Orang Dayak pemeluk Islam kebanyakan berada di Kalimantan Selatan dan sebagian
Kotawaringin, salah seorang Sultan Kesultanan Banjar yang terkenal adalah
Lambung Mangkurat sebenarnya adalah seorang Dayak (Ma’anyan atau Ot Danum).Tidak
hanya dari nusantara, bangsa-bangsa lain juga berdatangan ke Kalimantan. Bangsa
Tionghoa diperkirakan mulai datang ke Kalimantan pada masa Dinasti Ming tahun
1368-1643. Dari manuskrip berhuruf kanji disebutkan bahwa kota yang pertama di
kunjungi adalah Banjarmasin.
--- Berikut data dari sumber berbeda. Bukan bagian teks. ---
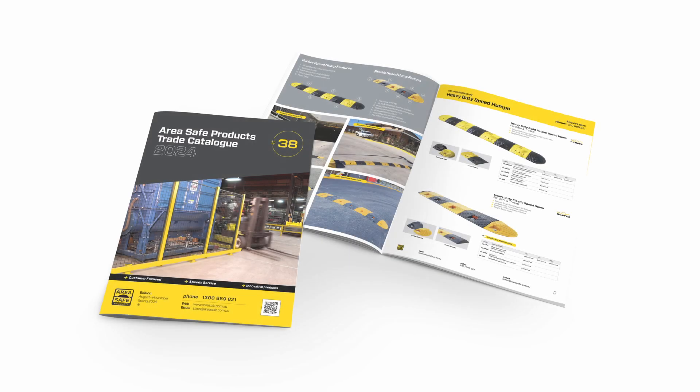Hello, I'm Craig from AreaSafe Products, and today I'm excited to announce the release of our new 2024 trade catalogue, issue number 38. As always, this issue is fully priced and is complete with a number of new product releases aimed at making your facility as safe as possible.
Tetapi masih belum jelas apakah bangsa Tionghoa
datang pada era Bajarmasin (dibawah hegemoni Majapahit) atau di era
Islam.Kedatangan bangsa Tionghoa tidak mengakibatkan perpindahan penduduk Dayak
dan tidak memiliki pengaruh langsung karena langsung karena mereka hanya
berdagang, terutama dengan kerajaan Banjar di Banjarmasin. Mereka tidak
langsung berniaga dengan orang Dayak. Adapun ada beberapa adat istiadat bagi
suku dayak yang masih terpelihara hingga kini, dan dunia supranatural Suku
Dayak pada zaman dahulu maupun zaman sekarang yang masih kuat sampai sekarang.
Adat istiadat ini merupakan salah satu kekayaan budaya yang dimiliki oleh
Bangsa Indonesia, karena pada awal mulanya Suku Dayak berasal dari pedalaman
Kalimantan.
- Upacara
Tiwah
Upacara Tiwah merupakan acara adat suku Dayak. Tiwah merupakan upacara
yang dilaksanakan untuk pengantaran tulang orang yang sudah meninggal ke
Sandung yang sudah di buat. Sandung adalah tempat yang semacam rumah kecil yang
memang dibuat khusus untuk mereka yang sudah meninggal dunia.Upacara Tiwah bagi
Suku Dayak sangatlah sakral, pada acara Tiwah ini sebelum tulang-tulang orang
yang sudah mati tersebut di antar dan diletakkan ke tempatnya (sandung), banyak
sekali acara-acara ritual, tarian, suara gong maupun hiburan lain. Sampai
akhirnya tulang-tulang tersebut di letakkan di tempatnya (Sandung).
- Dunia
Supranatural
Dunia Supranatural bagi Suku Dayak memang sudah sejak jaman dulu
merupakan ciri khas kebudayaan Dayak. Karena supranatural ini pula orang luar
negeri sana menyebut Dayak sebagai pemakan manusia ( kanibal ). Namun pada
kenyataannya Suku Dayak adalah suku yang sangat cinta damai asal mereka tidak
di ganggu dan ditindas semena-mena. Kekuatan supranatural Dayak Kalimantan
banyak jenisnya, contohnya Manajah Antang. Manajah Antang merupakan cara suku
Dayak untuk mencari petunjuk seperti mencari keberadaan musuh yang sulit di
temukan dari arwah para leluhur dengan media burung Antang, dimanapun musuh
yang di cari pasti akan ditemukan.Mangkok merah merupakan media persatuan Suku
Dayak. Mangkok merah beredar jika orang Dayak merasa kedaulatan mereka dalam
bahaya besar. “Panglima” atau sering suku Dayak sebut Pangkalima biasanya
mengeluarkan isyarat siaga atau perang.